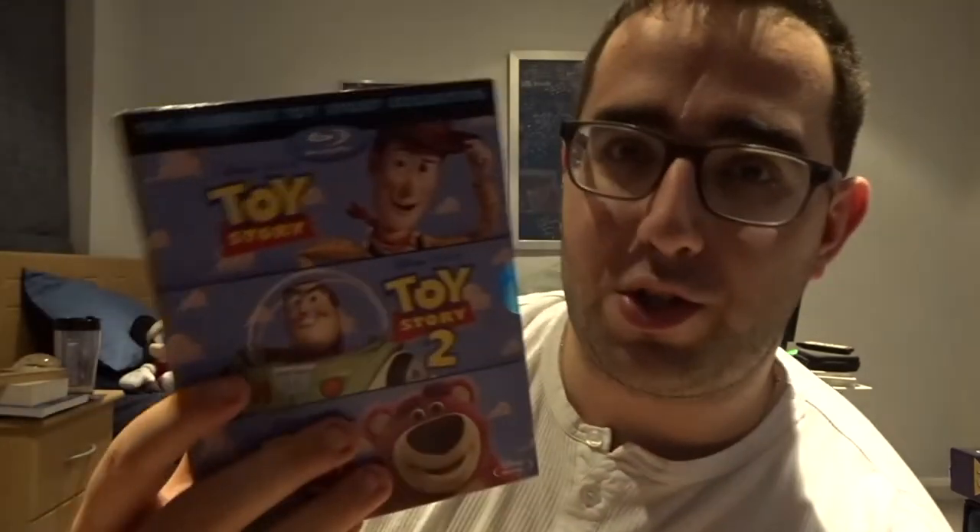The Tim Burton Collection, which includes The Nightmare Before Christmas, Alice in Wonderland, Frankenweenie, and Edward Scissorhands — all great films. Thor: Ragnarok — Taika Waititi did a fantastic job. Thunderball, the James Bond Sean Connery film — really old, really enjoyed it. This is the first time they introduced the jetpack in a James Bond movie. Toy Story Collection.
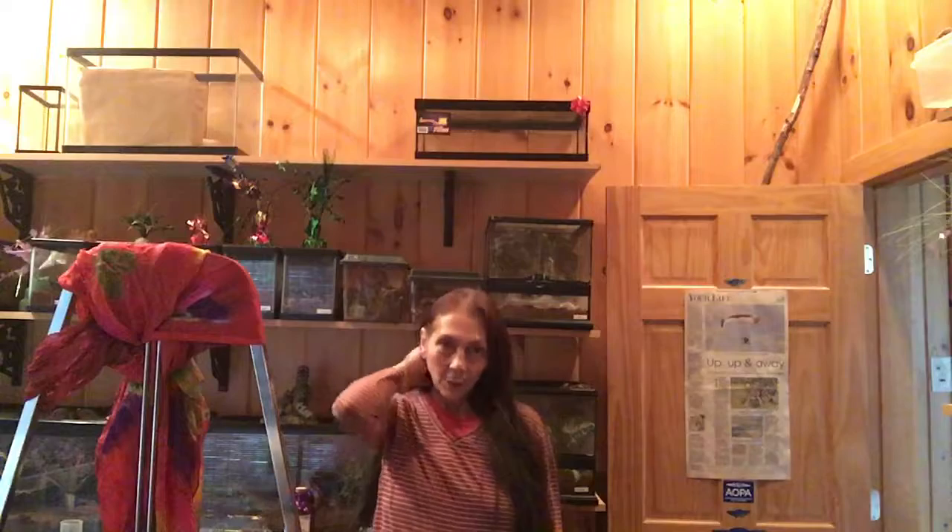Good afternoon. Welcome to the Ramni Tea Room. This is Maxi and I'd like to introduce you to some of my tarantulas here and give you a little information.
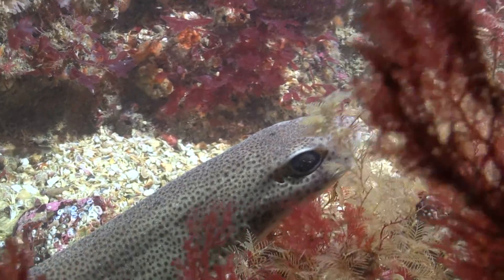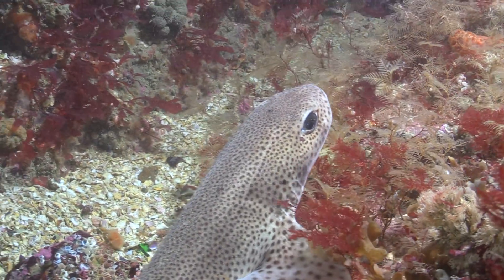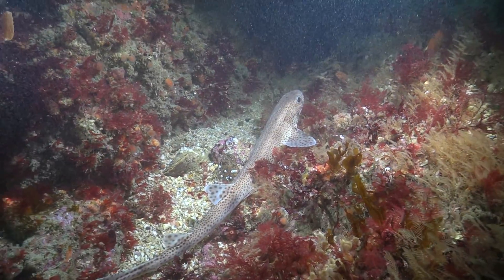Behavioral analysis showed that this catshark uses a consistent behavior pattern, termed scale rasping, as a feeding mechanism.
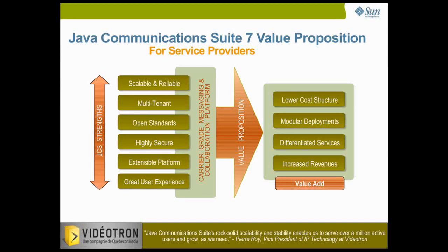Leveraging proven strengths in scalability, reliability and performance, Java Communications Suite 7 responds to these needs, allowing service providers to support an increased number of devices and access points and enabling them to launch highly differentiated service offerings. Built completely using open standards, Java Communications Suite allows customers to deploy a flexible solution that can adapt and grow with their future needs. Designed for multi-tenancy from the ground up, it can be deployed on a single IT infrastructure to support multi-million users, providing a reliable, secure messaging and collaboration offering at a superior total cost of ownership.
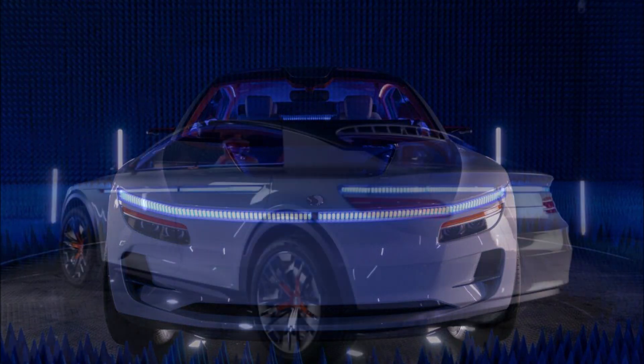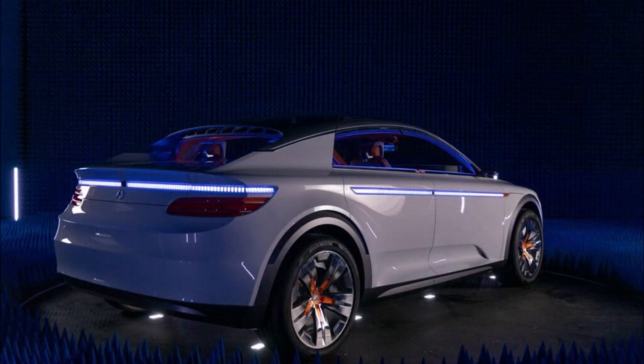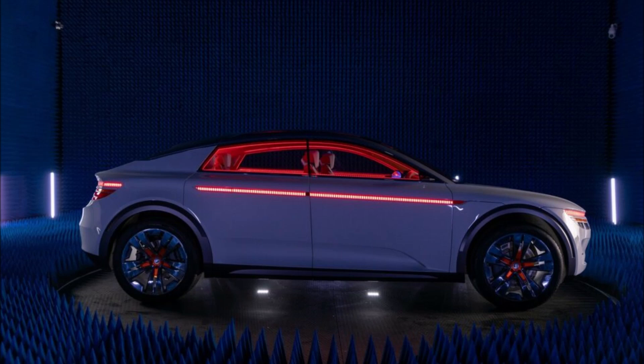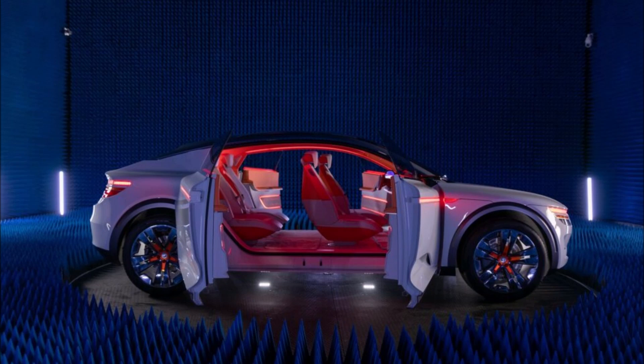What do you guys think about the Qualcomm Snapdragon Digital Chassis? Let me know down in the comments below. If you enjoyed the video, make sure you give it a big thumbs up — it'll help get it up in the rankings so more people can see it and we can have a bigger discussion on this massive 55-inch virtual cockpit and digital chassis in the new Qualcomm Snapdragon.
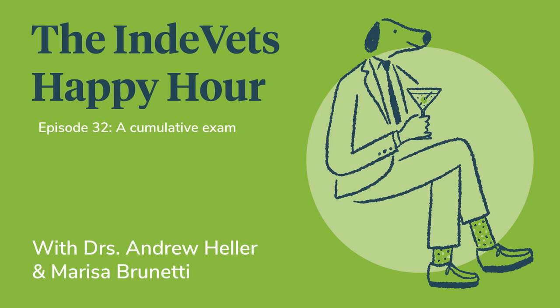Episode 29 covered canine pancreatitis. Which of the following drugs has been associated with an increased risk of pancreatitis in dogs? Is it A. azathioprine, B. sulfonamides, C. tetracycline, D. potassium bromide, or E. all of them? E — all of the above. That was an easy one.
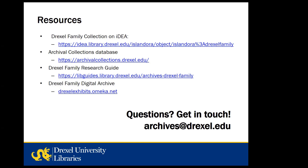That concludes our presentation and now we can take any questions you might have. Thanks!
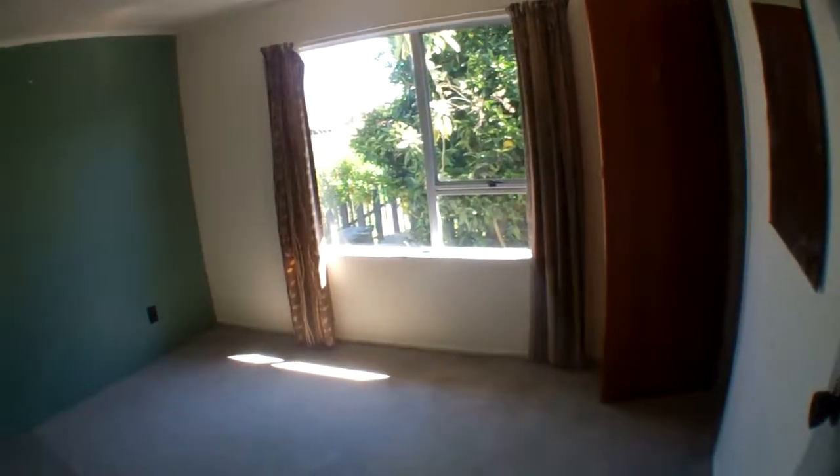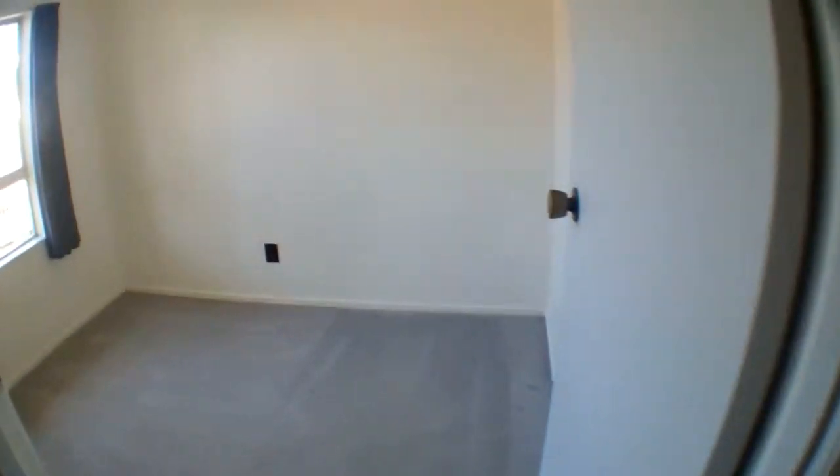Here we have the master bedroom. And at the end of the hallway, the third room.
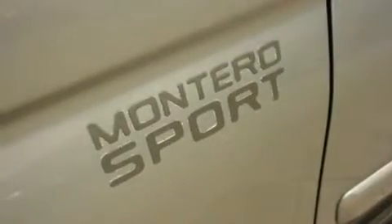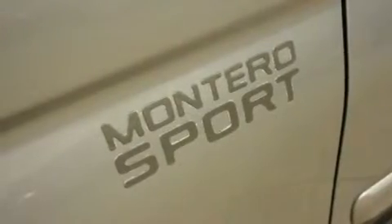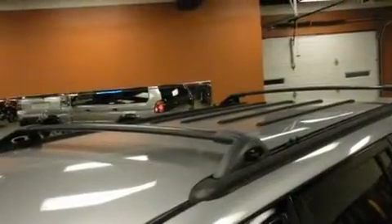Its top features and packages include the preferred equipment package, fold-down rear seats, cruise control, a double wishbone independent front suspension, skid plates, a passenger side vanity mirror, 12-volt power outlets, a passenger side airbag, a rear window defroster, and an anti-theft protection system.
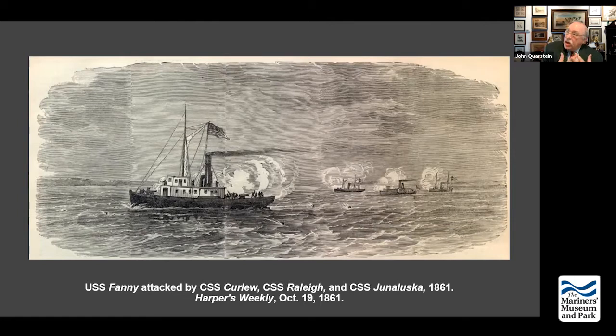On the eve of the Battle of Roanoke Island, the Confederates will have the CSS Curlew armed with a 32-pounder and a 12-pounder; the CSS Ellis, an iron screw steamer with one 32-pounder and a 12-pounder howitzer; and the CSS Beaufort with one 32-pounder rifle. The Beaufort is commanded by one of the more outstanding officers in the Confederate Navy, Lieutenant William H. Parker.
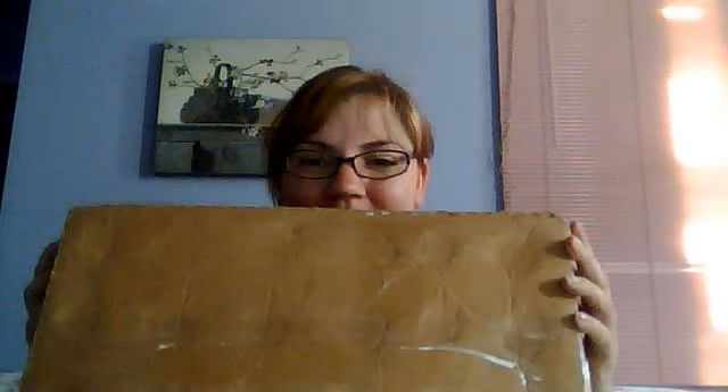Hi everyone, I'm recording this live as a test trial of my new webcam and camera. I am so excited — I have to upload the first video. I got a package from eBay and it's a doll I've been wanting for like 20 years.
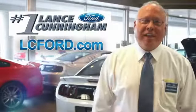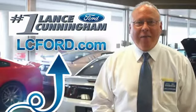Hey folks, thanks for checking out this vehicle. For more information, visit LC4.com. Thanks again.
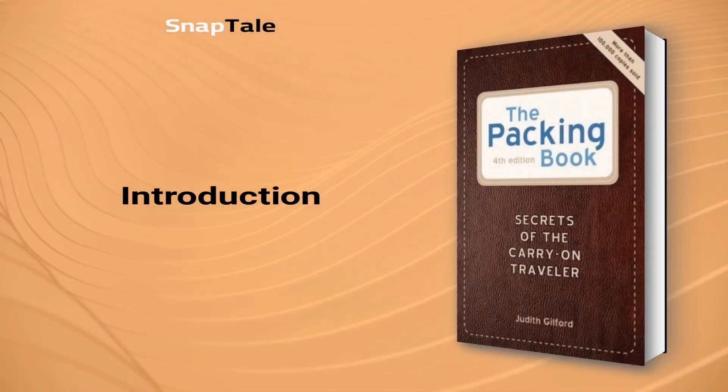Judith Guilford, The Packing Book: Secrets of the Carry-On Traveler. Discover the secrets behind stress-free traveling with Judith Guilford's The Packing Book. This summary will explore how to maximize efficiency while minimizing your luggage, without compromising style or personal needs.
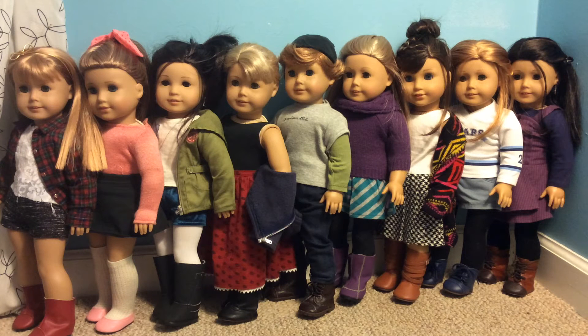Hi everyone! Today I'm going to show you guys what all of my dolls are wearing — I recently dressed them up for fall. By the way, I do have a cold so sorry if my voice sounds a little weird, but in no particular order, let's get started.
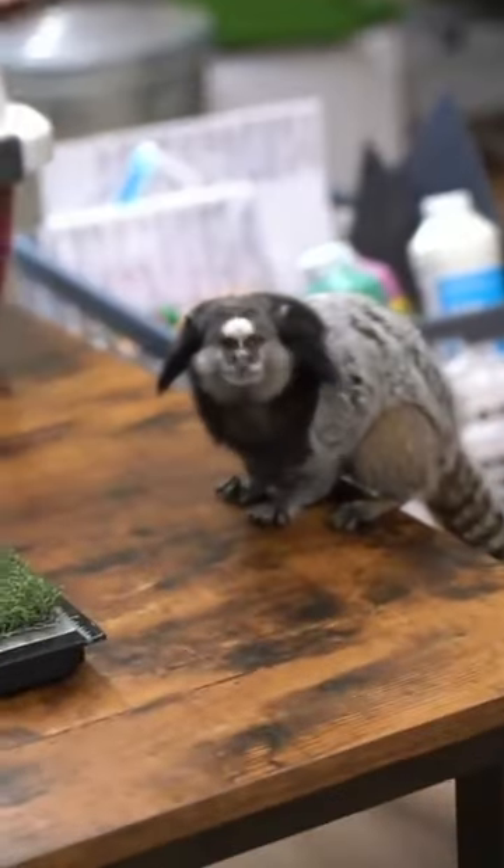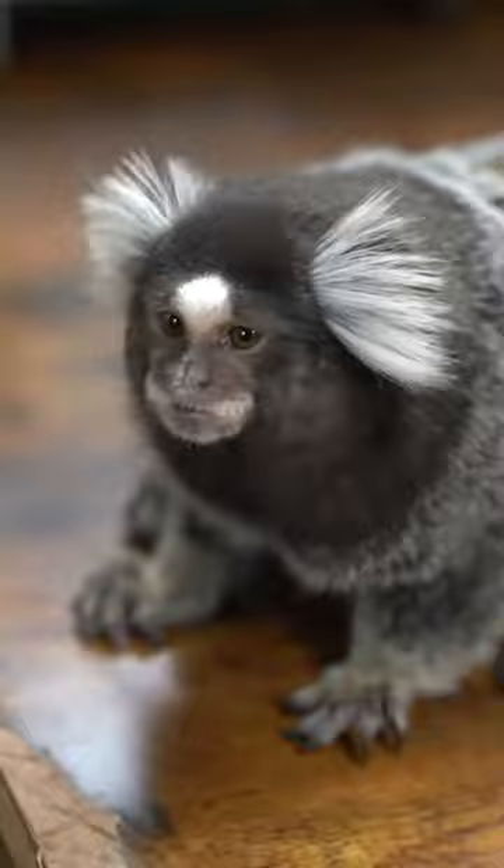This is Momo. Momo is a black tufted marmoset. This is Appa. Appa is a common marmoset. These are both Brazilian monkeys.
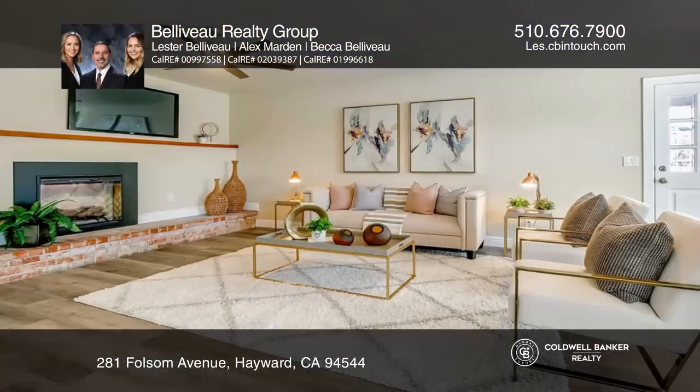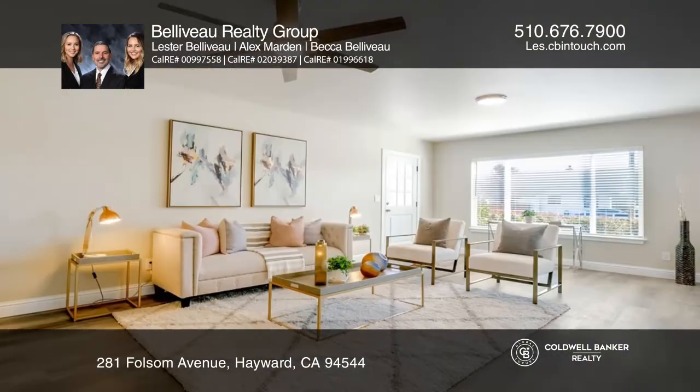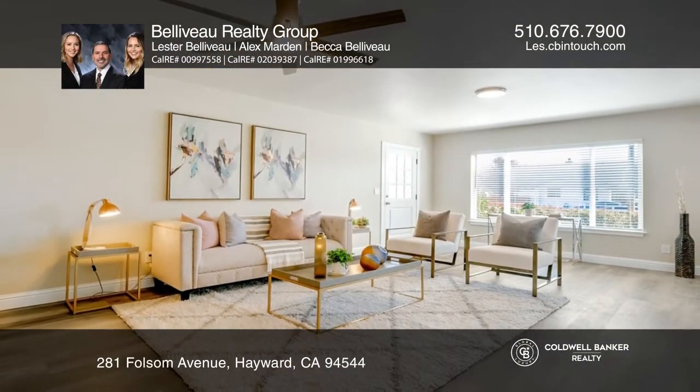Introducing an extremely rare single-story home on a huge lot. This exquisite home has been remodeled and rebuilt from the foundation up.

● ● ● ●

**Task description**.
Start to finish, write out the data above exactly, omitting all pictures.

**Answer section**.
The Tim Burton Collection, which includes The Nightmare Before Christmas, Alice in Wonderland, Frankenweenie, and Edward Scissorhands — all great films. Thor: Ragnarok — Taika Waititi did a fantastic job. Thunderball, the James Bond Sean Connery film — really old, really enjoyed it. This is the first time they introduced the jetpack in a James Bond movie. Toy Story Collection.
Good afternoon. Welcome to the Ramni Tea Room. This is Maxi and I'd like to introduce you to some of my tarantulas here and give you a little information.
Behavioral analysis showed that this catshark uses a consistent behavior pattern, termed scale rasping, as a feeding mechanism.
Leveraging proven strengths in scalability, reliability and performance, Java Communications Suite 7 responds to these needs, allowing service providers to support an increased number of devices and access points and enabling them to launch highly differentiated service offerings. Built completely using open standards, Java Communications Suite allows customers to deploy a flexible solution that can adapt and grow with their future needs. Designed for multi-tenancy from the ground up, it can be deployed on a single IT infrastructure to support multi-million users, providing a reliable, secure messaging and collaboration offering at a superior total cost of ownership.
What do you guys think about the Qualcomm Snapdragon Digital Chassis? Let me know down in the comments below. If you enjoyed the video, make sure you give it a big thumbs up — it'll help get it up in the rankings so more people can see it and we can have a bigger discussion on this massive 55-inch virtual cockpit and digital chassis in the new Qualcomm Snapdragon.
Episode 29 covered canine pancreatitis. Which of the following drugs has been associated with an increased risk of pancreatitis in dogs? Is it A. azathioprine, B. sulfonamides, C. tetracycline, D. potassium bromide, or E. all of them? E — all of the above. That was an easy one.
That concludes our presentation and now we can take any questions you might have. Thanks!
Here we have the master bedroom. And at the end of the hallway, the third room.
Its top features and packages include the preferred equipment package, fold-down rear seats, cruise control, a double wishbone independent front suspension, skid plates, a passenger side vanity mirror, 12-volt power outlets, a passenger side airbag, a rear window defroster, and an anti-theft protection system.
On the eve of the Battle of Roanoke Island, the Confederates will have the CSS Curlew armed with a 32-pounder and a 12-pounder; the CSS Ellis, an iron screw steamer with one 32-pounder and a 12-pounder howitzer; and the CSS Beaufort with one 32-pounder rifle. The Beaufort is commanded by one of the more outstanding officers in the Confederate Navy, Lieutenant William H. Parker.
Hi everyone, I'm recording this live as a test trial of my new webcam and camera. I am so excited — I have to upload the first video. I got a package from eBay and it's a doll I've been wanting for like 20 years.
Hey folks, thanks for checking out this vehicle. For more information, visit LC4.com. Thanks again.
Judith Guilford, The Packing Book: Secrets of the Carry-On Traveler. Discover the secrets behind stress-free traveling with Judith Guilford's The Packing Book. This summary will explore how to maximize efficiency while minimizing your luggage, without compromising style or personal needs.
Hi everyone! Today I'm going to show you guys what all of my dolls are wearing — I recently dressed them up for fall. By the way, I do have a cold so sorry if my voice sounds a little weird, but in no particular order, let's get started.
This is Momo. Momo is a black tufted marmoset. This is Appa. Appa is a common marmoset. These are both Brazilian monkeys.
Introducing an extremely rare single-story home on a huge lot. This exquisite home has been remodeled and rebuilt from the foundation up.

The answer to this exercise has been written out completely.